Capital Gains — Short-Term vs. Long-Term
When you sell an asset for more than you paid, you have a capital gain. How it's taxed depends on how long you held it.
Short-Term Capital Gains (STCG)
Asset held one year or less. Taxed as ordinary income — added to your other income and taxed at your marginal rate. For active traders who open and close positions within days or weeks, virtually all gains are short-term.
Long-Term Capital Gains (LTCG)
Asset held more than one year. Taxed at preferential rates — 0%, 15%, or 20% depending on taxable income. Significantly lower than ordinary income rates for most taxpayers. This is a structural tax advantage for long-term investors over active traders.
| Type | Holding Period | Tax Treatment |
|---|---|---|
| Short-Term Capital Gain | 1 year or less | Taxed as ordinary income (up to 37%) |
| Long-Term Capital Gain | More than 1 year | 0%, 15%, or 20% depending on income |
| Section 1256 (Futures) | Any holding period | 60% LTCG + 40% STCG regardless of hold time |
The Wash Sale Rule
The wash sale rule prevents you from claiming a tax loss if you buy a "substantially identical" security within 30 days before or after the sale that generated the loss. The 30-day window applies in both directions.
You sell 100 shares of XYZ at a $1,000 loss on December 28. On January 5 (8 days later), you buy XYZ again. The $1,000 loss is disallowed and added to the cost basis of the new shares. The loss is deferred — not gone — and recognized when you eventually sell without triggering another wash sale.
Applies To
- Stocks and ETFs
- Options on the same underlying
- "Substantially identical" securities — similar ETFs tracking the same index may qualify
Does NOT Apply To
- Crypto — currently treated as property, not a security (may change — verify annually)
- Futures contracts — governed by Section 1256 rules
Capital Loss Carryforward
Capital losses offset capital gains dollar-for-dollar. If losses exceed gains, you can deduct up to $3,000 of net losses against ordinary income per year ($1,500 if married filing separately).

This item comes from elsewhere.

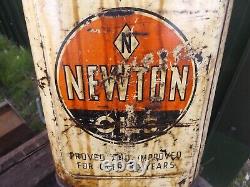 Old vintage Newton oils very rare barn find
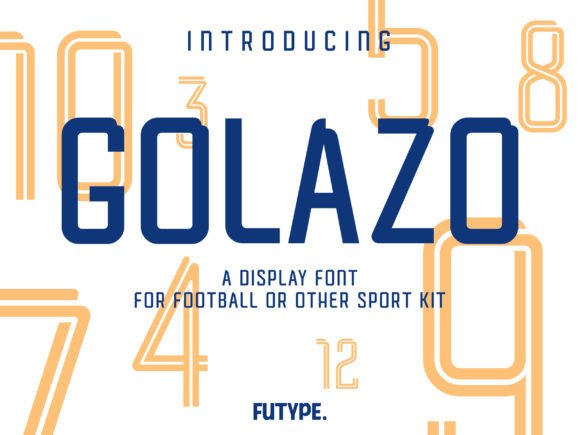 Golazo: The Premium Display Font for Bold Brand Identity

Losses beyond that carry forward indefinitely and can be applied in future years.
Section 1256 Contracts & the 60/40 Rule
Futures contracts fall under Section 1256 of the IRS code, which provides meaningfully favorable tax treatment compared to stock day trading.
Under Section 1256, gains and losses are split 60% long-term / 40% short-term regardless of how long you actually held the position. Even if you day-traded futures all year and held nothing overnight, 60% of your net gain is still taxed at the lower long-term capital gains rate.
What Qualifies
- Regulated futures contracts (ES, MES, NQ, MNQ, crude oil, gold, etc.)
- Broad-based index options (SPX, NDX, RUT) — confirm with a tax professional
- Does NOT include: equity options on individual stocks, ETF options, or crypto
Mark-to-Market at Year-End
Section 1256 contracts are marked to market on December 31 — open positions are treated as if sold at their year-end value for tax purposes, creating a gain or loss even without actually closing.
Crypto Tax Treatment
The IRS treats cryptocurrency as property — not currency. Every taxable event follows capital gains rules.
| Event | Taxable? | Treatment |
|---|---|---|
| Selling crypto for USD | Yes | Capital gain or loss |
| Trading one crypto for another | Yes | Disposing of property — triggers gain/loss |
| Spending crypto on purchases | Yes | Capital gain or loss at time of spend |
| Receiving crypto as income | Yes | Ordinary income at fair market value when received |
| Simply holding crypto | No | No taxable event until disposed |
| Transferring between your own wallets | No | Not taxable (keep records) |
Key Tax Forms
Where individual sales of capital assets are reported. Every stock, ETF, and option trade that generates a gain or loss gets listed here before totals move to Schedule D.
Summarizes all capital gains and losses from Form 8949, applies the $3,000 loss deduction limit, and handles carryover calculations.
Reports gains and losses from Section 1256 contracts (regulated futures, broad index options). The 60/40 split is calculated here. Filed alongside your regular return.
Your broker sends this summarizing your trades, proceeds, and cost basis. Starting point for Form 8949. Review carefully before filing — 1099-B data is not always 100% accurate, especially if you had wash sale adjustments.